Working data: Begin

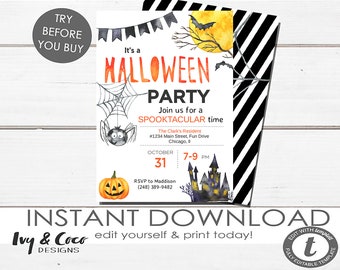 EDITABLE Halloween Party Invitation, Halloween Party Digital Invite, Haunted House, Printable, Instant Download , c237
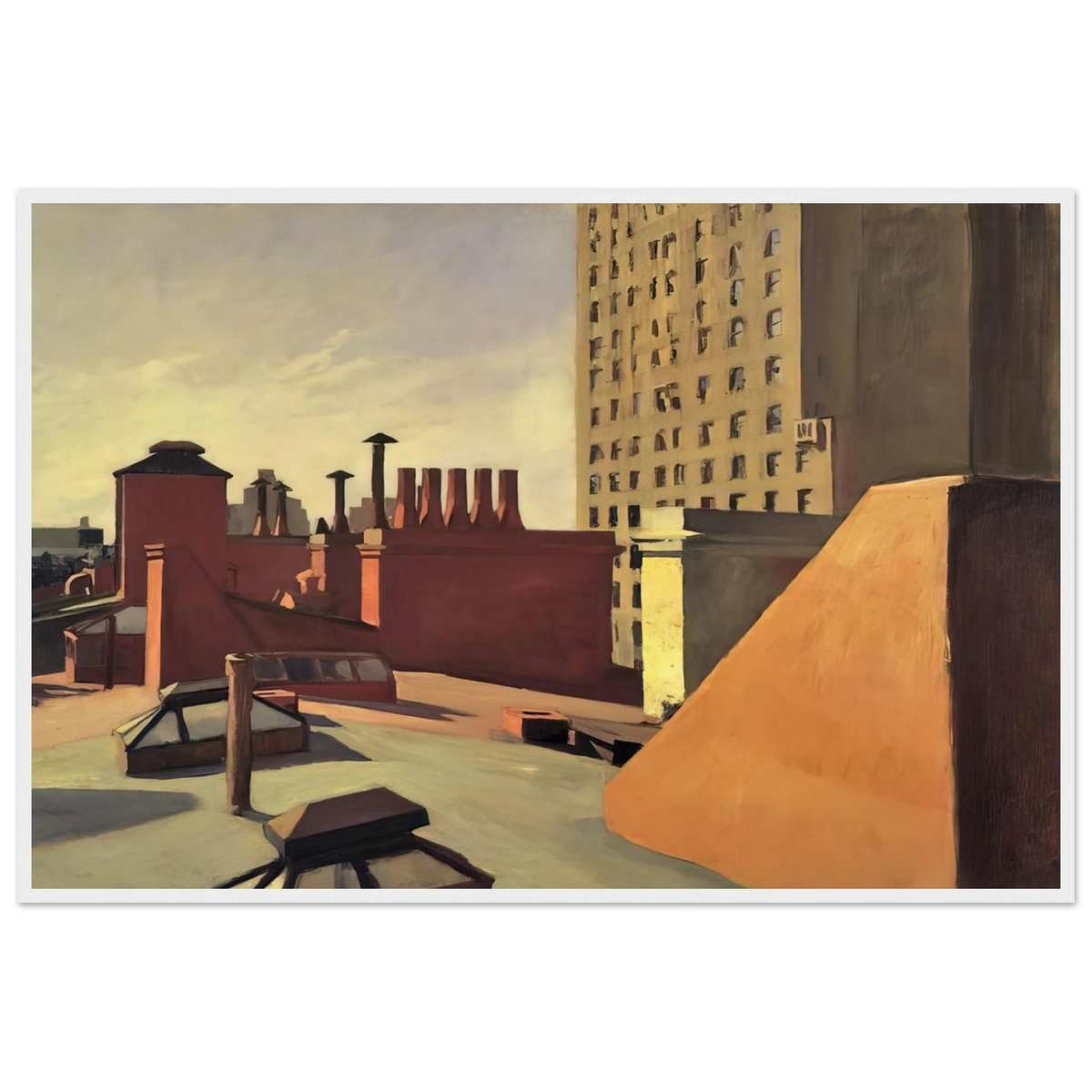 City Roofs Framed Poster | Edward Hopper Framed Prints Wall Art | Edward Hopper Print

Working data: End
Working data: Begin

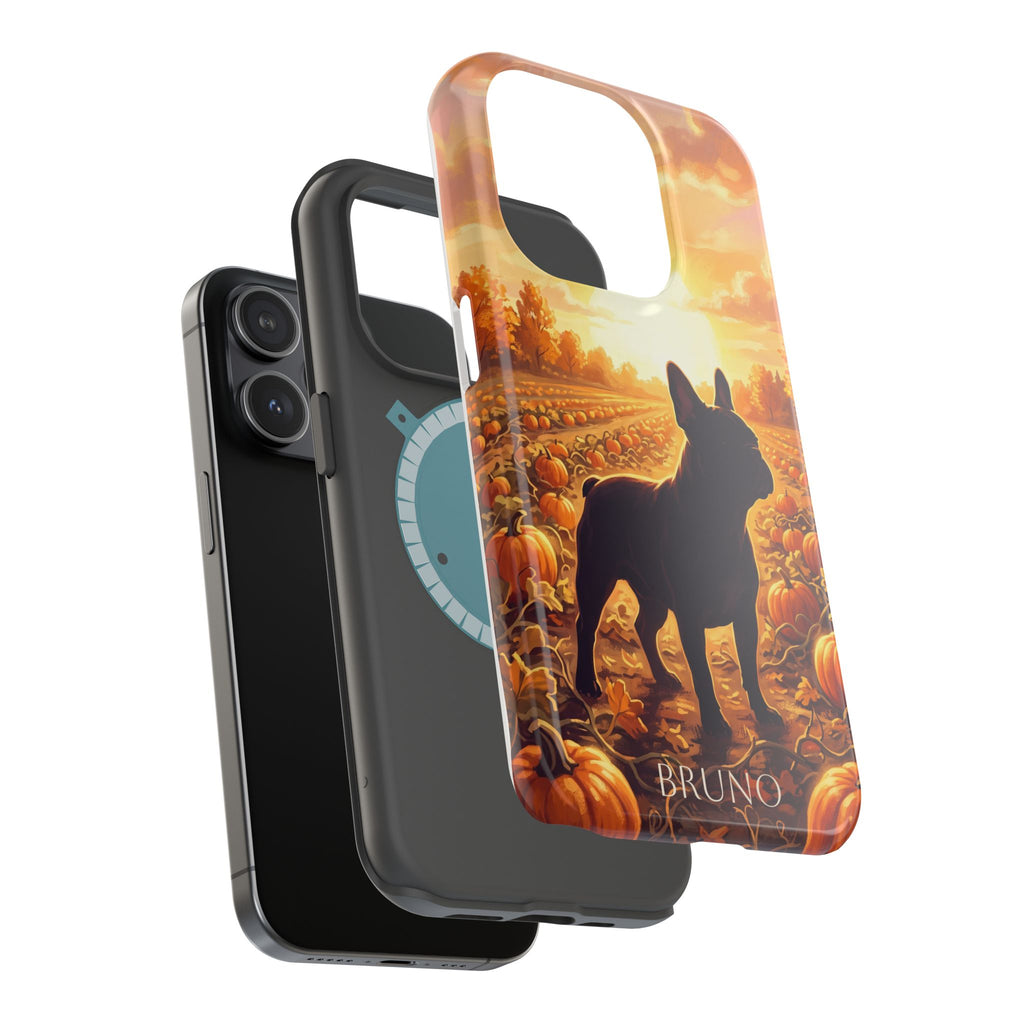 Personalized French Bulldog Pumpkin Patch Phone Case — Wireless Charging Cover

Working data: End

Task requirements >> The material above holds pictures; leave them out. Repeat exactly the lines from the one containing "EDITABLE Halloween Party" through the one containing "City Roofs Framed", and nothing else.

Solution for this task >>
 EDITABLE Halloween Party Invitation, Halloween Party Digital Invite, Haunted House, Printable, Instant Download , c237
 City Roofs Framed Poster | Edward Hopper Framed Prints Wall Art | Edward Hopper Print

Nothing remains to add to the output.